Ouch, more PROOF of that!
http://www.newsbusters.org/blogs/p-j-gladnick/2008/10/08/will-msm-report-obama-membership-socialist-new-party

Dale in Atlanta on November 9, 2008 at 2:20 PM

Nonfactor; ah when you’ve disproved all those FACTS, I’ve got about 50 more for you!

Or, are you going to pull a “Chimpy”, and just run away with your tail between your legs, because I just CRUSHED you with FACTS that you cannot Refute?

Dale in Atlanta on November 9, 2008 at 2:22 PM

Liberty, last time I checked, McCain was running as a Republican and if I voted a straight republican ticket, I did not put a check by his name, but I did, in fact, register a vote FOR McCain.

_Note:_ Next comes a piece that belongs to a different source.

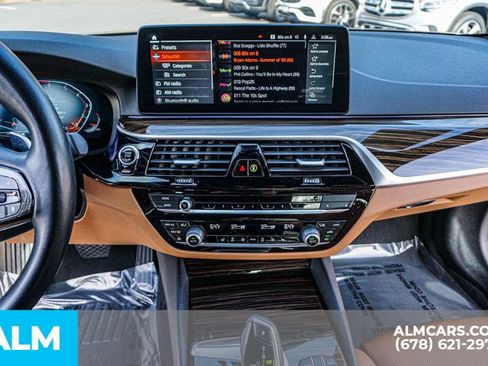 Used 2023 BMW 530i xDrive w/ Convenience Package image 38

Oleta on November 9, 2008 at 2:13 PM

I’m glad to hear that, thank you for setting me straight, however there were too many on the right that didn’t vote to make some sort of “statement” and that was foolish on their part.

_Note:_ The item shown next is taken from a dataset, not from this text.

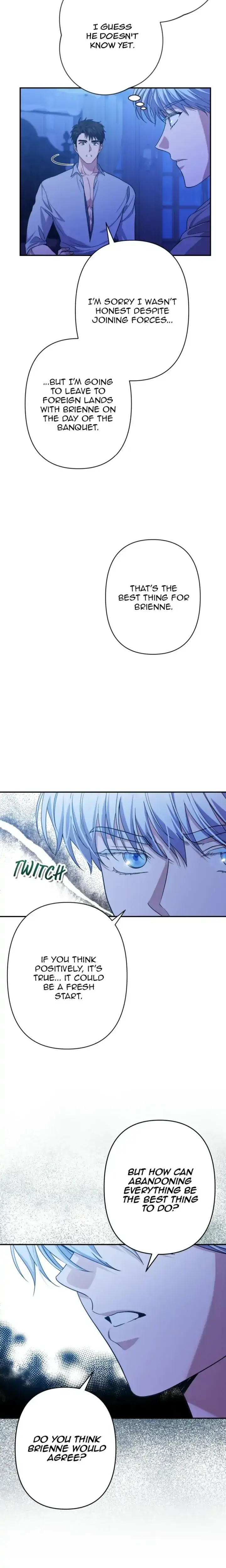 Please Kill My Husband Chapter 66 - Page 17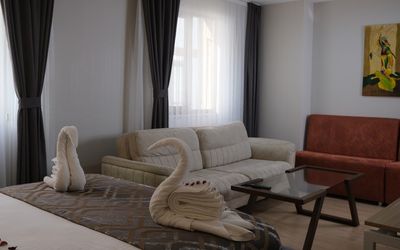 Grand Otel Konuralp · 5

Liberty or Death on November 9, 2008 at 2:25 PM

Obama certainly does not have a mandate

that republicans failed to show up because they had a canidate that they were luke warm to is a shame
those people should shut their mouths (no complaints) the next 4 years when Obambi tanks this country.

the dems are already waking up with buyers remorse
just wait it will get worse

and obambi has already insulted Nancy Reagan - nice touch

the media is lowering expectations and will triumph the slightest achievement

audiotom on November 9, 2008 at 3:27 PM

Wait until the GOP has a candidate that can inspire and motivate the base..

with the exception of Wise-Man (snort), I don’t too many people voted for John McCain.. more of a ‘Against Obama’..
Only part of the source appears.